Unfortunately there is some chance that the batteries which did get overcharged, could have overpressurized and vented some gas out of a pressure limiting relief valve somewhere. With a sealed battery there is no way to put anything that comes out, back in. So there is a chance some permanent damage was done. But the starting point would just be compare all the battery voltages and see if one is lower than the others.
 
According to the manufacturer, some amount of bulging is normal on larger batteries. https://discoverbattery.com/compone...gm-or-gel-batteries-bulge-or-appear-sucked-in

The shunt is is reporting a mid-point deviation of 0.10% which is unchanged from before the last event and when I measure the batteries directly the highest deviation is 0.02V.

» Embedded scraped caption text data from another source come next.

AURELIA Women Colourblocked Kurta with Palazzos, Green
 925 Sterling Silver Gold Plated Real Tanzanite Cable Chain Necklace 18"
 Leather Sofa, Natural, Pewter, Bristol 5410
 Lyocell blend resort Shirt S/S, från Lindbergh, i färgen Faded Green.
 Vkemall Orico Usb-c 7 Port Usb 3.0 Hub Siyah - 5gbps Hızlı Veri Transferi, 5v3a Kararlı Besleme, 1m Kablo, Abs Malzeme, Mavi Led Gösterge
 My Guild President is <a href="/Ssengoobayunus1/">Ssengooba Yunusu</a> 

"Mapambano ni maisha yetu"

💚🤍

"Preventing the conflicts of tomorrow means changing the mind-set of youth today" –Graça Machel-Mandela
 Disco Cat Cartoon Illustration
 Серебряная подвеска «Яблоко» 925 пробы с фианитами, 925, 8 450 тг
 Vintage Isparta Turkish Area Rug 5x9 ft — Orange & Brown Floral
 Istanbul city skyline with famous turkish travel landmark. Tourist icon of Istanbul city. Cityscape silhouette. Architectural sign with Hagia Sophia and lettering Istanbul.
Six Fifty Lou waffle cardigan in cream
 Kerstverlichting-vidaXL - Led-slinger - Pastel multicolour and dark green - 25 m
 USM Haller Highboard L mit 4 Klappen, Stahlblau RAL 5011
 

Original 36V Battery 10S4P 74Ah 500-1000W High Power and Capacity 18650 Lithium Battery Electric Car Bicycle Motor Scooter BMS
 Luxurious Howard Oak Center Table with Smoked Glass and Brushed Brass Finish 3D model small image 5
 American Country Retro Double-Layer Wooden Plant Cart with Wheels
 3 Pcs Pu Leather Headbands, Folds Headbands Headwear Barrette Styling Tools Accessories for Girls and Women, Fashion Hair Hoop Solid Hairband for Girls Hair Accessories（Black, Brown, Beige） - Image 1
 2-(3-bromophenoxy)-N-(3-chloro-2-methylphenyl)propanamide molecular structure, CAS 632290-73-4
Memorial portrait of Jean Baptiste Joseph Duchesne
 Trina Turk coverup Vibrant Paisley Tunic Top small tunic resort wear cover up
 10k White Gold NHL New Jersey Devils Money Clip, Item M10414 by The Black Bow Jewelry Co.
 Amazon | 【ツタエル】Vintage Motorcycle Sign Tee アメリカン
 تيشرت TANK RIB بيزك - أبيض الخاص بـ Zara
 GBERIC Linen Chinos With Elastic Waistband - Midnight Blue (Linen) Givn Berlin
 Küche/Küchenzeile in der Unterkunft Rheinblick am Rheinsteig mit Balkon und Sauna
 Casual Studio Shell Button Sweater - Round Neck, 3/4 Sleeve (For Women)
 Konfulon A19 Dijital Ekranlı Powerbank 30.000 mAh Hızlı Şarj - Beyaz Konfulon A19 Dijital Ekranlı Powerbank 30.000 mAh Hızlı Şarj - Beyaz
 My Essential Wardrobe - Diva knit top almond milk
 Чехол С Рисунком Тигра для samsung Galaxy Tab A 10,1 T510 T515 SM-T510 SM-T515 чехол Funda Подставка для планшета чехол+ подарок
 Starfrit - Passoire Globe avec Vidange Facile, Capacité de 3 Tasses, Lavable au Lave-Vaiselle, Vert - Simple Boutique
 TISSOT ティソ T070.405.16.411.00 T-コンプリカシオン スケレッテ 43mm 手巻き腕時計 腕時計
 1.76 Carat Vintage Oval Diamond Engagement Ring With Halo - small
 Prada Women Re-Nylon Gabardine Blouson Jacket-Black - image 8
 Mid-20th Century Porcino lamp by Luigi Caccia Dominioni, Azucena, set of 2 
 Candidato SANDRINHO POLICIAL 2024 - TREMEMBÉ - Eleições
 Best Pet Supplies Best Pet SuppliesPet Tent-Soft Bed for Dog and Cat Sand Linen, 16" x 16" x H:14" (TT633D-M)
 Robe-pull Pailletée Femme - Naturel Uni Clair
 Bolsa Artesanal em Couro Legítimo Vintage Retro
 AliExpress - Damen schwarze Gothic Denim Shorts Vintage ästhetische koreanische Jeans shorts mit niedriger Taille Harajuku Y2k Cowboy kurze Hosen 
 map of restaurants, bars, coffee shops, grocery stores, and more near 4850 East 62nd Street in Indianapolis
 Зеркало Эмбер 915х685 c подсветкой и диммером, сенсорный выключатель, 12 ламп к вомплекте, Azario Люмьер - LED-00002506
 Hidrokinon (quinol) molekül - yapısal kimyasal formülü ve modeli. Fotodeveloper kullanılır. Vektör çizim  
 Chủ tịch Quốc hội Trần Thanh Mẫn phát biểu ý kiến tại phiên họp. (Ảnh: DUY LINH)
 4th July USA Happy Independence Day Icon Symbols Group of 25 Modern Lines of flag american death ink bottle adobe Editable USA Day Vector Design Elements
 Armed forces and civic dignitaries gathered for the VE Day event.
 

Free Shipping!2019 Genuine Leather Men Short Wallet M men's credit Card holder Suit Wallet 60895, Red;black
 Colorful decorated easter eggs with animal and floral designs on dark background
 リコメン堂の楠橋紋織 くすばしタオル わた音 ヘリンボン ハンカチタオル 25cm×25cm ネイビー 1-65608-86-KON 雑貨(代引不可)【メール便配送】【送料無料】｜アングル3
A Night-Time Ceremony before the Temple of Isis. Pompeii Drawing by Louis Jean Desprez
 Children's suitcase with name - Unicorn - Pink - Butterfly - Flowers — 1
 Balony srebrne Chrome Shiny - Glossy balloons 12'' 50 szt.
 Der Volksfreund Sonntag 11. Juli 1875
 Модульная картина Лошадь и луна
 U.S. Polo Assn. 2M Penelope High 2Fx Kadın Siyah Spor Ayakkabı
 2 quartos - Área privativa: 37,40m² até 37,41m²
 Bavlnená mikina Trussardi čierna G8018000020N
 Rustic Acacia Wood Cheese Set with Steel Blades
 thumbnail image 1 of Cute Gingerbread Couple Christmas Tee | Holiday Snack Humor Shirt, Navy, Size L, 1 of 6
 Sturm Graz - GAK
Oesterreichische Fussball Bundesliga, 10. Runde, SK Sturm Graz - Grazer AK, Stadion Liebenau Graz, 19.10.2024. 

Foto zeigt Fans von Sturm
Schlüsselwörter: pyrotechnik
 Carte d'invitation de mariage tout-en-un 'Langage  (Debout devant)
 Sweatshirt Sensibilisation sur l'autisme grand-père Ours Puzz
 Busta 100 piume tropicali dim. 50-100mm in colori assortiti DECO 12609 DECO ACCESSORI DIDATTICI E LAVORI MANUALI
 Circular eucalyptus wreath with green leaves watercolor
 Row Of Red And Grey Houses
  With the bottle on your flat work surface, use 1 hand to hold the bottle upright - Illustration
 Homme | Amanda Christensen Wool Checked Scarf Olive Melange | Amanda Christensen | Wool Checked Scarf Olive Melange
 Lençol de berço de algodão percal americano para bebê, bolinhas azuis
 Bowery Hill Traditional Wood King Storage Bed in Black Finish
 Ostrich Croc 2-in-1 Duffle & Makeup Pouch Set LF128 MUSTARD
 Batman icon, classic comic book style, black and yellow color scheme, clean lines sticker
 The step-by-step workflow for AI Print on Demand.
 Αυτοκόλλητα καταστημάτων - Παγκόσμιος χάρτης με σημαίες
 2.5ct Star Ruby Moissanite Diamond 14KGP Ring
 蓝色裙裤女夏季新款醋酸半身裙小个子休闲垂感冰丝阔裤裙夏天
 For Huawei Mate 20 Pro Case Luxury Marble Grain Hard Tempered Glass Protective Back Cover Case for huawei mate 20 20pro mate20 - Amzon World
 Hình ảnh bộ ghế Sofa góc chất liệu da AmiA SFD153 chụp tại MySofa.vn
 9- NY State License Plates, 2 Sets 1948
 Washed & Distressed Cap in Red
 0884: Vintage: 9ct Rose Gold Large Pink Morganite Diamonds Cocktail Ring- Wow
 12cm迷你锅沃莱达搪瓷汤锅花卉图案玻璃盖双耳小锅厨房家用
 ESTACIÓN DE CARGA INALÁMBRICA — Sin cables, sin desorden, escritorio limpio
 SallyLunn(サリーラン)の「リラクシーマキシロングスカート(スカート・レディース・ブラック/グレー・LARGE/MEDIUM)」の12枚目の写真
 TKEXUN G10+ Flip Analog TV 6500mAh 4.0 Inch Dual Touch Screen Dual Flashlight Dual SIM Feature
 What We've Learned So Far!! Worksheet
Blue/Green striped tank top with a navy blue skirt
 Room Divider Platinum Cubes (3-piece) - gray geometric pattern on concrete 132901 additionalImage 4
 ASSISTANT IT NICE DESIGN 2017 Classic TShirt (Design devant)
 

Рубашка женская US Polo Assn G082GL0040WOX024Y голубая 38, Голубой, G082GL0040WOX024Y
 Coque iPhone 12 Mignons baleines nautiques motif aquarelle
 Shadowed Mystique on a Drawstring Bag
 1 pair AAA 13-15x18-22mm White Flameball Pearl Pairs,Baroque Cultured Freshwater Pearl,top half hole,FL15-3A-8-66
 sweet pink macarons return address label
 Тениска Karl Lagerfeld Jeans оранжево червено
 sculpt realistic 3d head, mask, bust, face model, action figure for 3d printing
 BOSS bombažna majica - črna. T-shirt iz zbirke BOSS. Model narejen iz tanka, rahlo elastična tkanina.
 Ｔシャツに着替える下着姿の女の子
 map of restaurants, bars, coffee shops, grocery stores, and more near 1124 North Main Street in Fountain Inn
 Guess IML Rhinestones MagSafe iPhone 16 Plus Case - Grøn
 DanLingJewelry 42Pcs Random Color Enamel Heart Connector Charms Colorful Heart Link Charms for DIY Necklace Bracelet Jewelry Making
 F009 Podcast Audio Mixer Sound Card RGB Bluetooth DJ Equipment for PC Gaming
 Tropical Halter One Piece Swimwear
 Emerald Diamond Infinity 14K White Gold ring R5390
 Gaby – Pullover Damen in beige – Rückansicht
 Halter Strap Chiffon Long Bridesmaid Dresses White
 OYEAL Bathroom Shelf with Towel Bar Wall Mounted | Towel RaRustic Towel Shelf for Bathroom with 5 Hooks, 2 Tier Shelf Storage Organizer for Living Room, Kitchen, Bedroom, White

I suspect these are probably OK.

I have also just ordered a Daygreen 12v-56v DC-DC charger to I can hook up my Bolt EV and keep the bank from getting so low in future outages.
 
Sounds good. How much bulging is normal is probably highly contextual. I do think if all the heat in the room came from the batteries it might be a bad indicator of some kind, but if you also had inverter/charger in the room, i wouldn't be surprised at the heat. If you figure something like charging at 2kw and the charger is 90% efficient and the batteries themselves are 90% charge efficiency you've got almost 400w of heat going into the room for hours and hours. But if that heat was ONLY coming from the batteries i'd be paranoid about it. Hard to quantify 'walking into a hot room'.